→ WHAT YOU HAVE TO DO: Your answer should be the lines from the one with "Casa dúplex en venta en Villa Rosa, foto 2" to the end of the data below, both included, exact and free of pictures.

→ SUPPLIED INFORMATION:
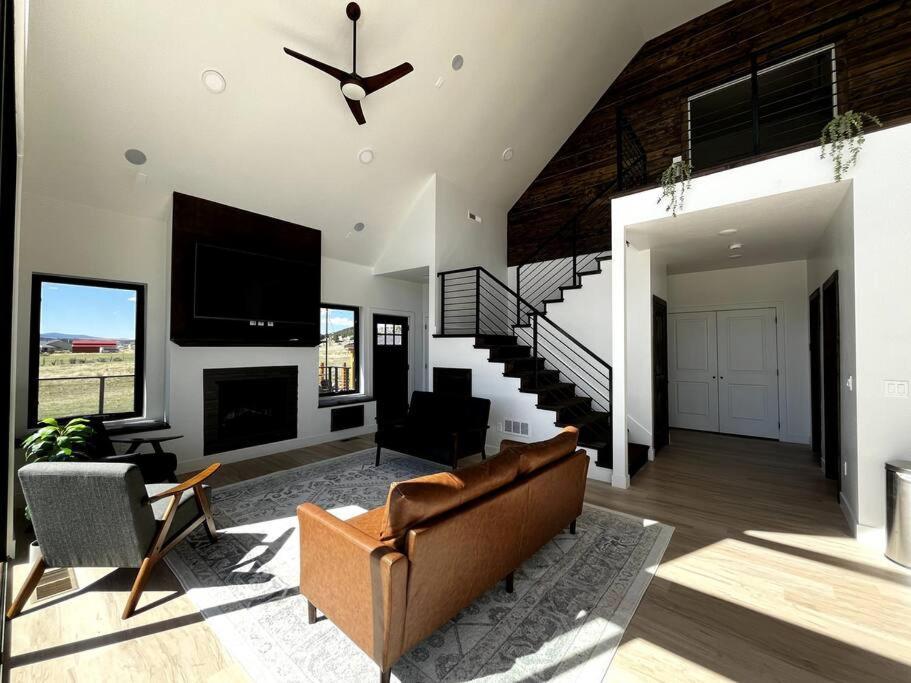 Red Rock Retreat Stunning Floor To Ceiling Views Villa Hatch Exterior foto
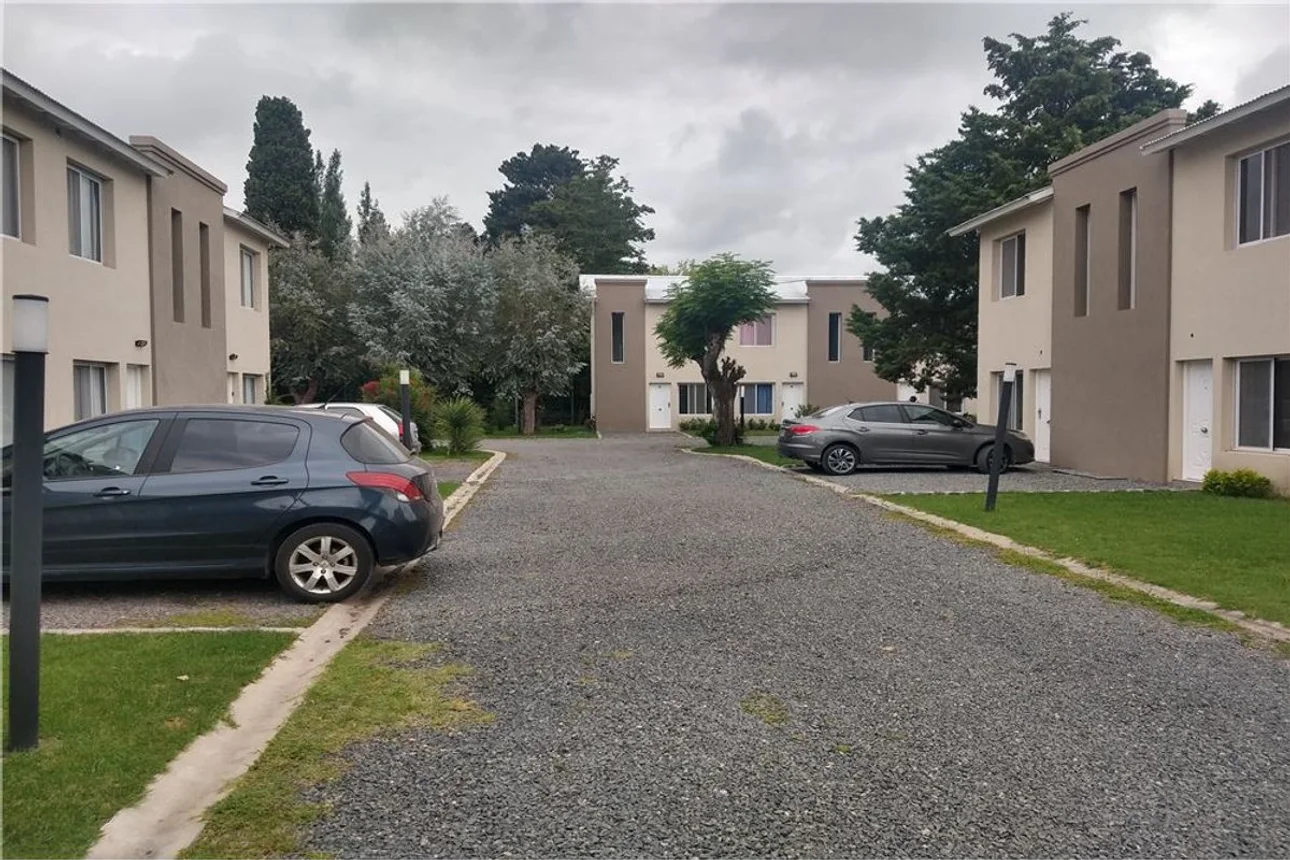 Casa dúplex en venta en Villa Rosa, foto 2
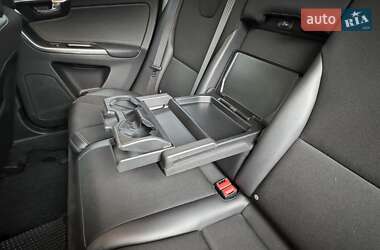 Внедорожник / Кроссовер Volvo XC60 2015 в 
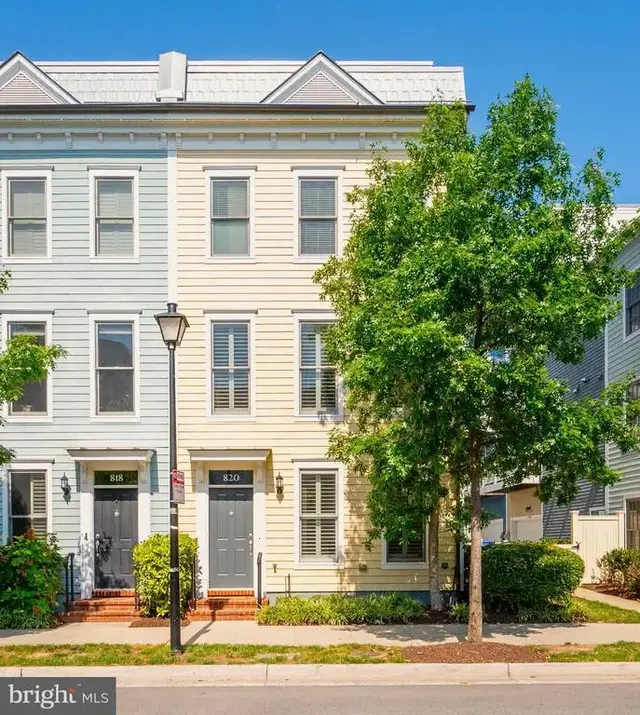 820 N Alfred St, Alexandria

→ ANSWER:
 Casa dúplex en venta en Villa Rosa, foto 2
 Внедорожник / Кроссовер Volvo XC60 2015 в 
 820 N Alfred St, Alexandria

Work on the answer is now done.